An Act concerning taxes paid to other jurisdictions under the gross income tax, amending N.J.S.54A:4-1, N.J.S.54A:5-8, and N.J.S.54A:9-17, supplementing Title 54A of the New Jersey Statutes and P.L.1974, c.80 (C.34:1B-1 et seq.), and making an appropriation.

 

     Be It Enacted by the Senate and General Assembly of the State of New Jersey:

 

     1.  N.J.S.54A:4-1 is amended to read as follows:

 

Resident credit for tax of another state.

     54A:4-1.  Resident credit for tax of another state.  (a) A resident taxpayer shall be allowed a credit against the tax otherwise due under this act for the amount of any income tax or wage tax imposed for the taxable year by another state of the United States or political subdivision of such state, or by the District of Columbia, with respect to income which is also subject to tax under this act, except as provided by subsections (c) and (d) of this section.

     (b) The credit provided under this section shall not exceed the proportion of the tax otherwise due under this act that the amount of the taxpayer's income subject to tax by the other jurisdiction bears to his entire New Jersey income.

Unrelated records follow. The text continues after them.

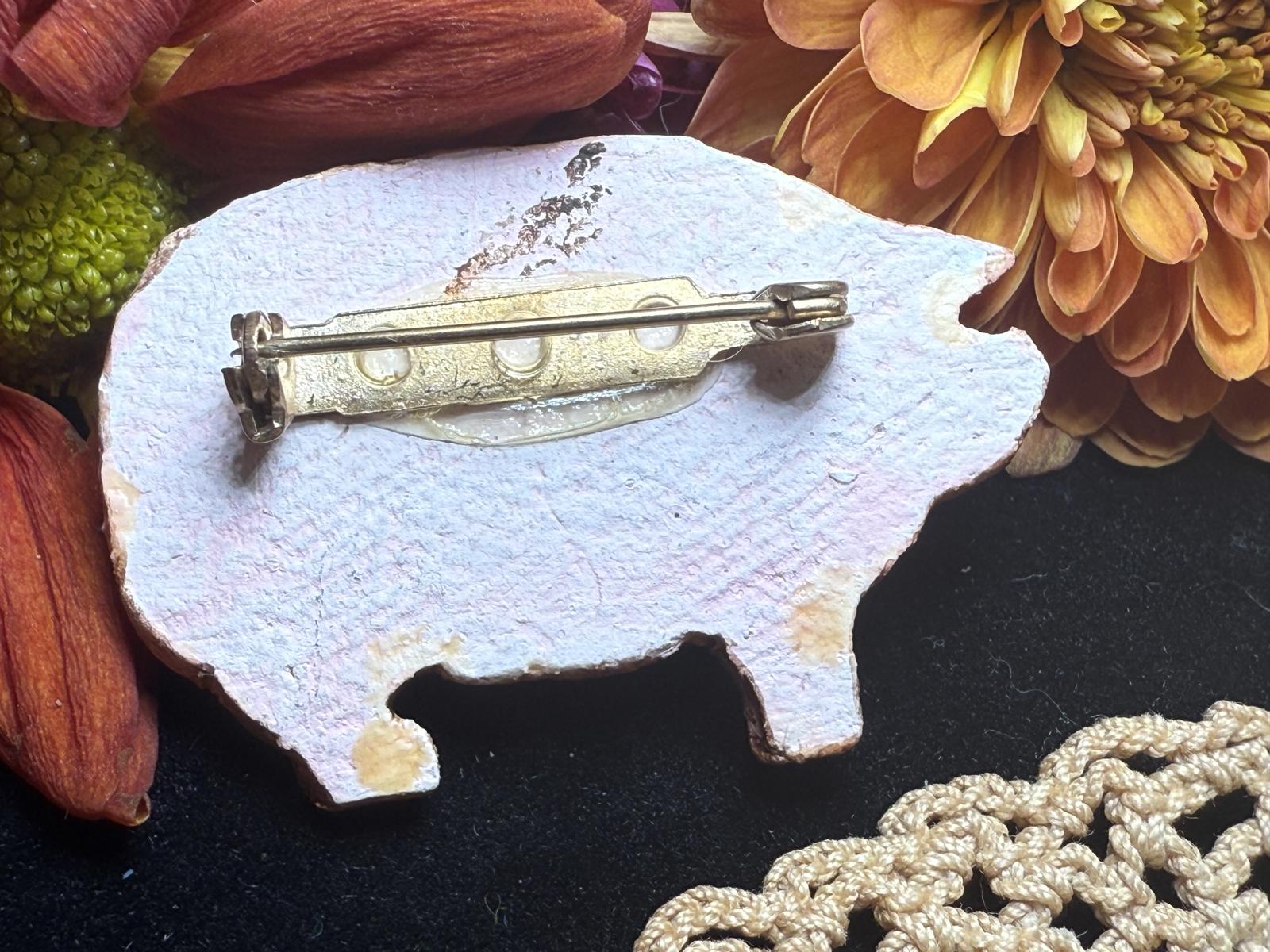 Folk Art Pig Pin Hand Made Piggy Flat Vintage Resin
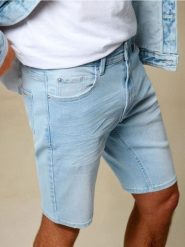 Jeansowe szorty slim fit z kieszeniami - niebieski. Niebieskie krótkie spodenki sportowe Sinsay, l, bez wzorów, z jeansu. W wyprzedaży za 29.99 zł.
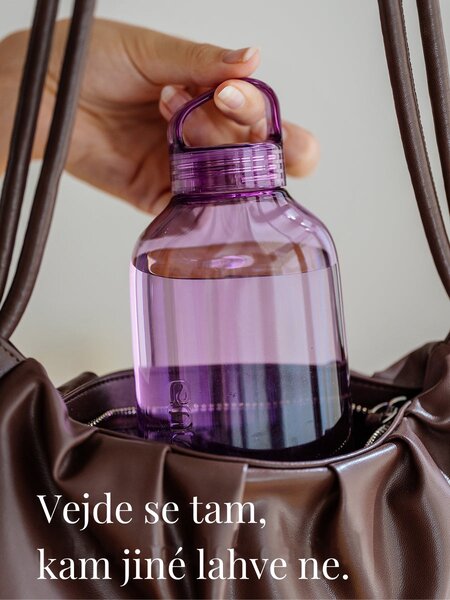 Plochá plastová BPA free lahev z tritanu EQUA Flat Purple 500 ml
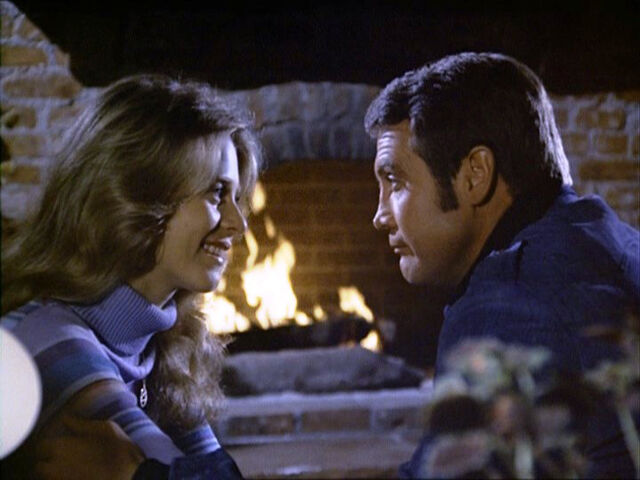 File:Jaime Steve fireplace.jpg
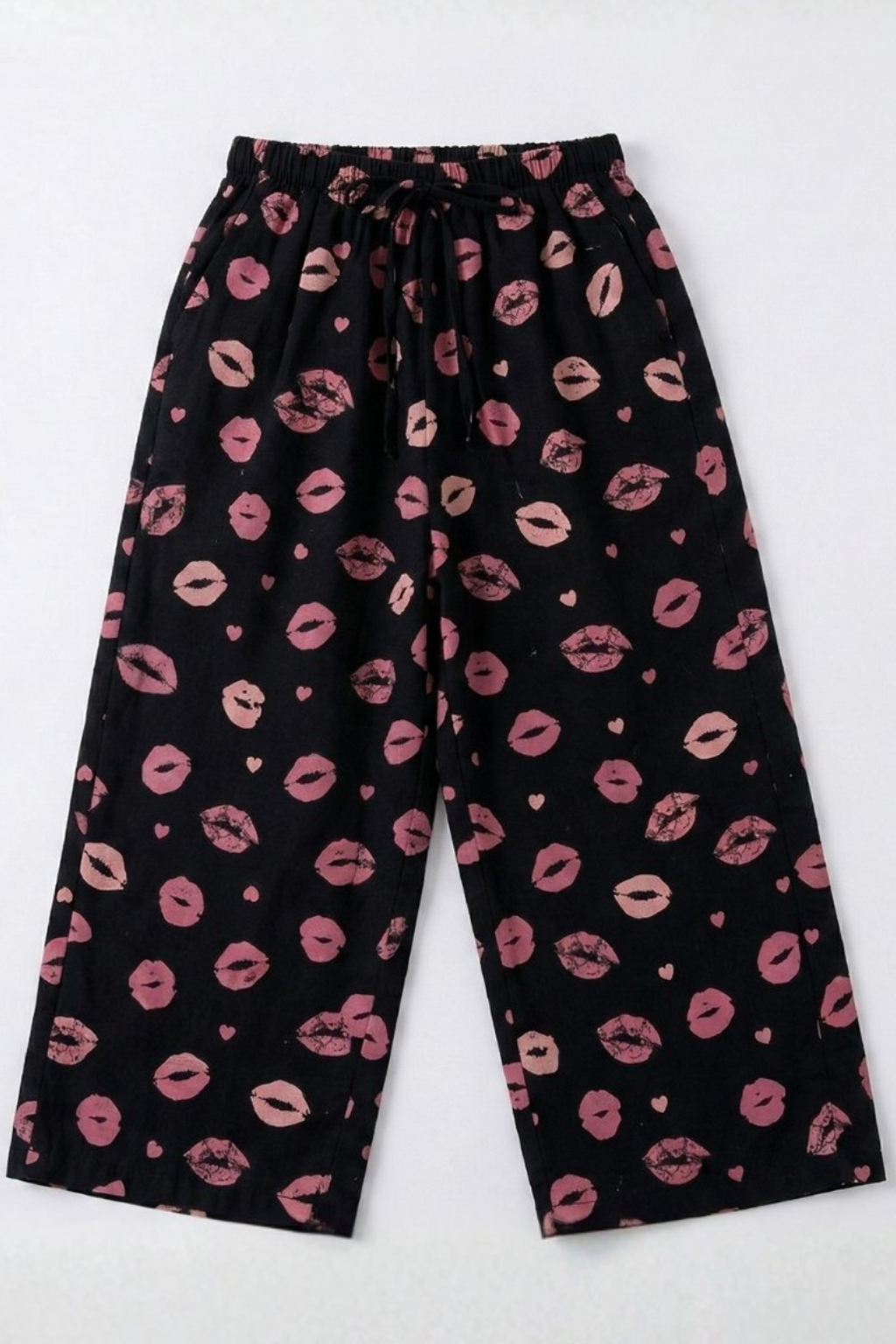 Black Lips Print Plazo Pockets Pajama For Girls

     (c) No credit shall be allowed against the tax otherwise due under this act for the amount of any income tax or wage tax imposed for the taxable year on S corporation income allocated to this State.

     (d) No credit shall be allowed for the amount of any taxes paid or accrued for the taxable year on or measured by profits or income imposed on or paid on behalf of a person other than the taxpayer, whether or not the taxpayer may be held liable for the tax.

     (e) Readjustment of the tax of another state or political subdivision thereof--if the taxpayer is allowed credit under this section for more or less of the tax of another state or political subdivision thereof than he is finally required to pay, the taxpayer shall send notice of the difference to the director who shall redetermine the tax for any years affected regardless of any otherwise applicable statute of limitations.  A taxpayer may readjust the credit under this subsection when another state changes or corrects income reportable there either within the limitation period prescribed in N.J.S.54A:9-8 or within one year after the date the taxpayer received notification that the other state's income tax was due, whichever of such periods expires later.  The division shall not allow a credit or refund unless the taxpayer files a claim within such period.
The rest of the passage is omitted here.